I played Imperium: Classics face to face back in 2021, and enjoyed it more than I expected; but then I played it again on Tabletop Simulator, and found it a slog, so didn’t persist with my plans to buy it.
Then I got Horizons as a review copy from Zatu and fell back in love, to the extent of buying he two earlier boxes. The rulebook is a lot cleaner, though it’s still quite rough. I like the trade subsystem, but most of the civs still work without.
I like the way that there generally aren’t exceptions. All right, some cards have a lot of text, but they generally come down to some form of “spend X to get a Y”. When there are exceptions, they seem to be civilisation-wide: the Atlanteans start as an Empire, while the Vikings never become one and don’t have a History.
I know people who reckon it’s best at solo, and the bot is good, but I prefer it face to face; the level of interaction is low, but it’s enough that one spends at least a bit of time head-up.
This is probably my favourite game to play right now.
I purchased Classics, I like ancient history, I like fantasy and I like deck building. After muddling through 2 games and being bored I moved it on. The tokens annoyed me, the automa seemed much more fiddly than interesting and I just didn’t want to play. Now there is a big caveat. I was trying solo games after I had moved away from my games group for a bit. I still dislike playing solo games. Even Spirit Island. So I don’t know if I dislike it or have only played in a form I’m not interested in. I still think some fo the concepts are fun.
I like Imperium:X quite a bit. I have all 3 boxes. Well no, I only have the Horizons box now… luckily everything fits in it. I also have the big solo playmat. I don’t think I want to play this competitively. Because I think it is hard to play well and I do not have the time to explore all of it even just in solomode. It is a long game that takes quite a bit of commitment to play. And I don’t have the energy to teach this beast.

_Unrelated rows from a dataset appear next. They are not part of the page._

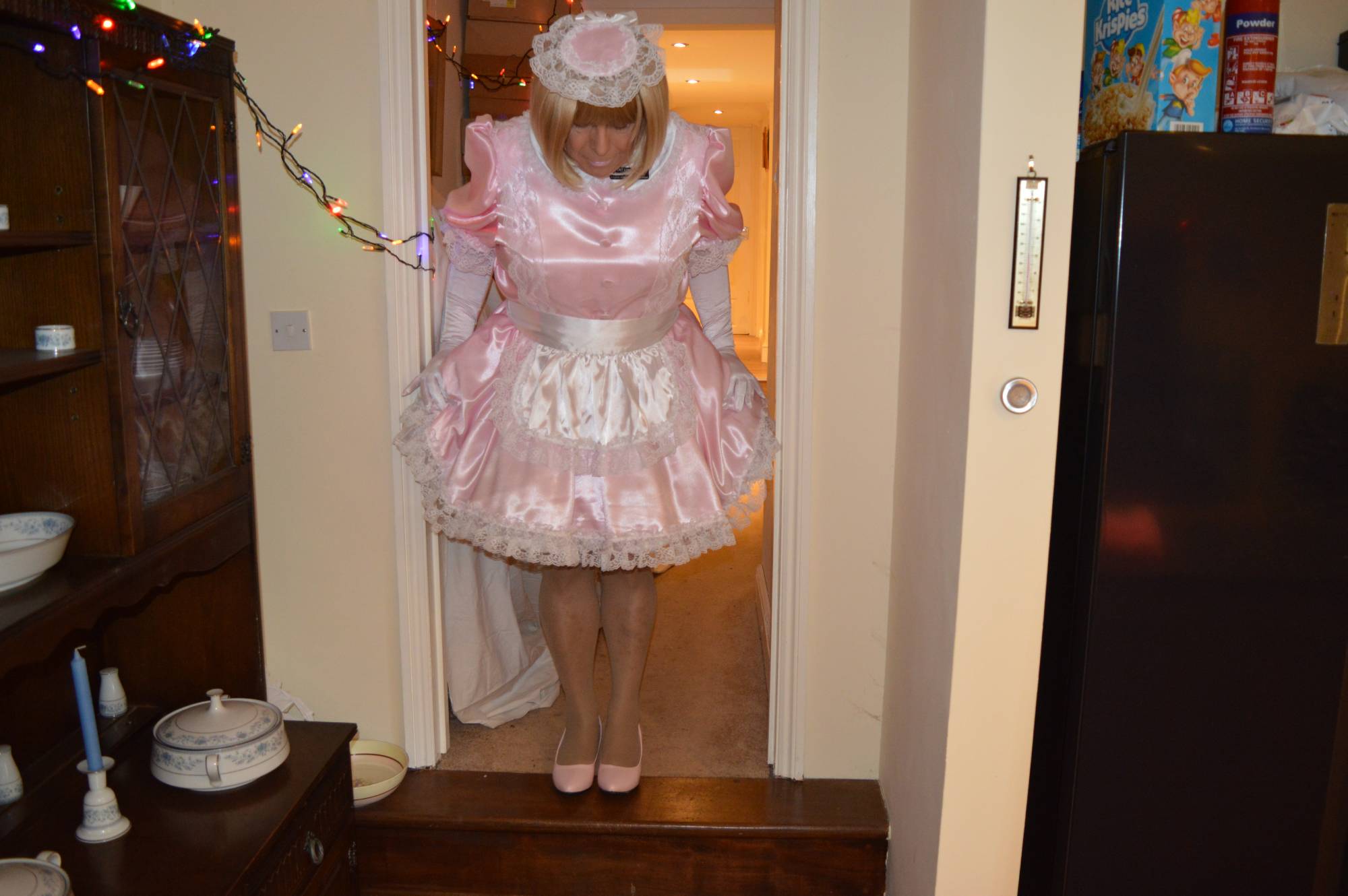 Sissy maid chastity — the unbreakable foundation of every devoted sissy maid under her Mistress's control
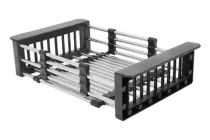 Коландер, Сушарка Посуд, Кошик Для Фруктів Kroner Krp Trocken-024 Універсальна (Розсувна)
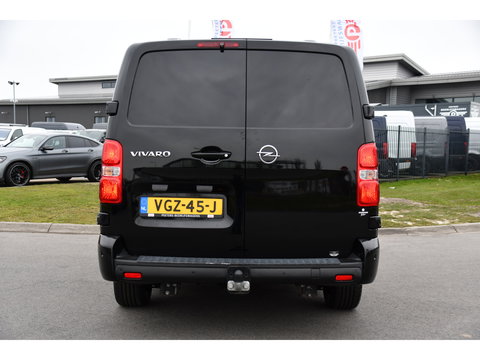 Opel Vivaro 2.0 CDTI L3H1 DC Black Edition Camera, Cruise, Carplay, Stoelverwarming, 2 x Schuifdeur, Sensoren, Clima, Trekhaak, multimedia, Uniek!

I like the idea of all these civilizations and they are indeed playing quite differently. With SO MUCH game in one (a little bigger but not much) square box it is definitely a keeper even if I will only get it out for special occasions. Would I rebuy it, if my collection got lost? Maybe not. I have played it now and I wouldn’t want to have missed those plays.

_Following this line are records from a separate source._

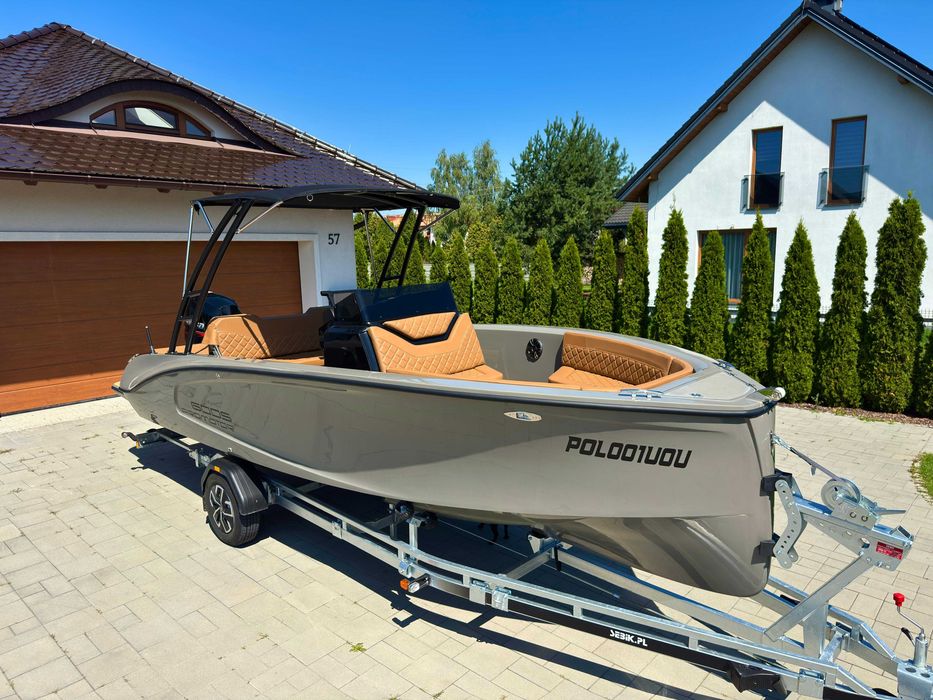 Łódź motorowa ProMotor 600S Shine Yachting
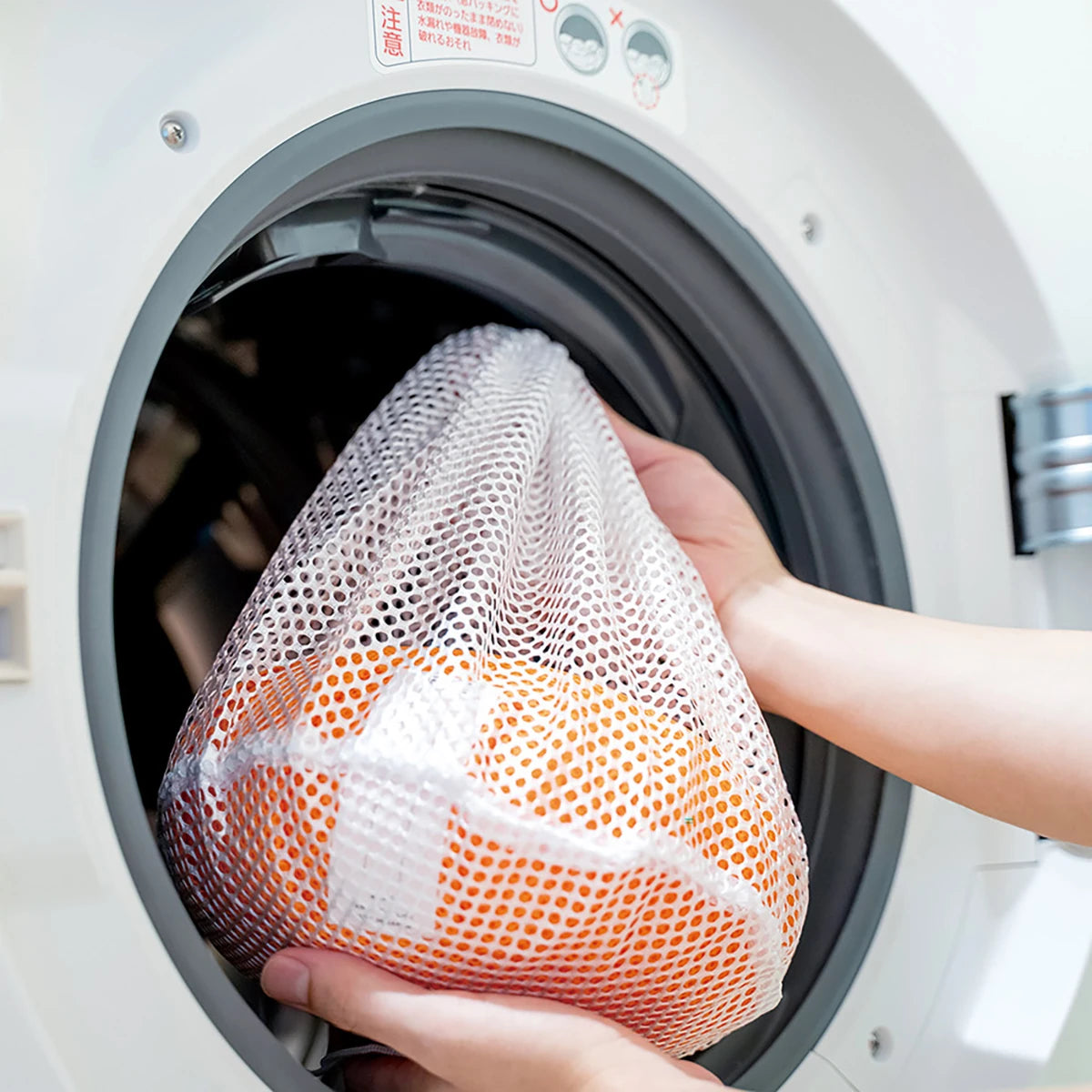 サウナ用日本製瞑想クッションは自宅の洗濯機で洗濯できる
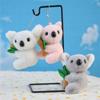 Auto Animal Keychain Car Keychain Koala Doll Plush Doll Plush Toy Plush Keyring Koala Key Chain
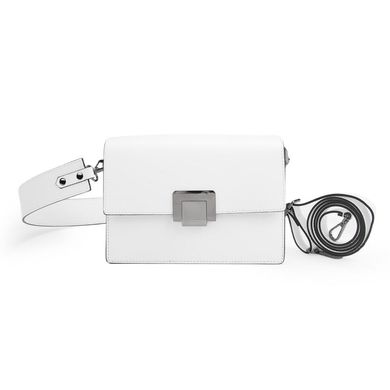 Класична жіноча невелика сумочка Firenze Italy F-IT-007W Білий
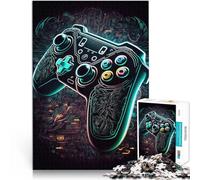 Gaming Controller1000 Piece Adult Puzzles Family Game Stress Reliever Difficult Challenge deal as gifts for the whole family 38x26cm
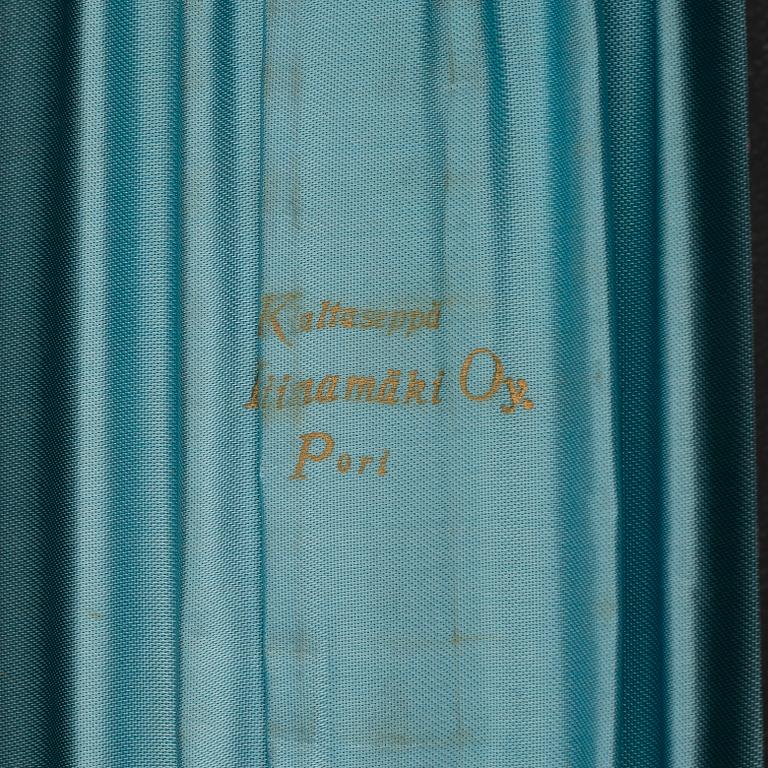 Lasinalusia, 12 kpl, hopeaa, Kultakeskus, Hämeenlinna 1952. Alkuperäisrasiassa.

The bot is fiddly in some ways especially with trade routes I keep forgetting stuff. But trade routes are fun…
I dislike the quality of the cardboard tokens. This is definitely a case for deluxification. I think I threw out the tokens from the original boxes. I don’t need that many.
I kept the original “1” tokens but threw out the multispot ones, so the only multiples I have are the numeric ones from Horizons.

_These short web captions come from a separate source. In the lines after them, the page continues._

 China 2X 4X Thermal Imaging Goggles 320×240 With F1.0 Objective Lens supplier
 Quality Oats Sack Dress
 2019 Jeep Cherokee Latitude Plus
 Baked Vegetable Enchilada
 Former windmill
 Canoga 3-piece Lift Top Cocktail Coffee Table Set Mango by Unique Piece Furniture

I’ve seen several people complain about the tokens but for whatever reason they don’t offend me. Sure, they’re cardboard, but so are lots of tokens in lots of games, and at least they’re not plastic. I suppose one could get brick tokens and meeples, but I haven’t seen anything that would be a good obvious substitute for the progress-GREATER THAN SIGN or the amphora (ghost squid). Certainly I’m not tempted to 3d-print them like these ones on Thingiverse:
I’ve taught the game a few times now, and there’s more than in most games I teach, but it seems to work. I should probably write down my teaching script at some point…
I reckon half an hour per player is just about achievable, though one hour is more likely.
I had Classics. I think it’s a really excellent, clever game, I enjoyed my solo plays of it, and I really liked the art; I just realised I didn’t love the game, and so it ended up part of the great (endless?) purge.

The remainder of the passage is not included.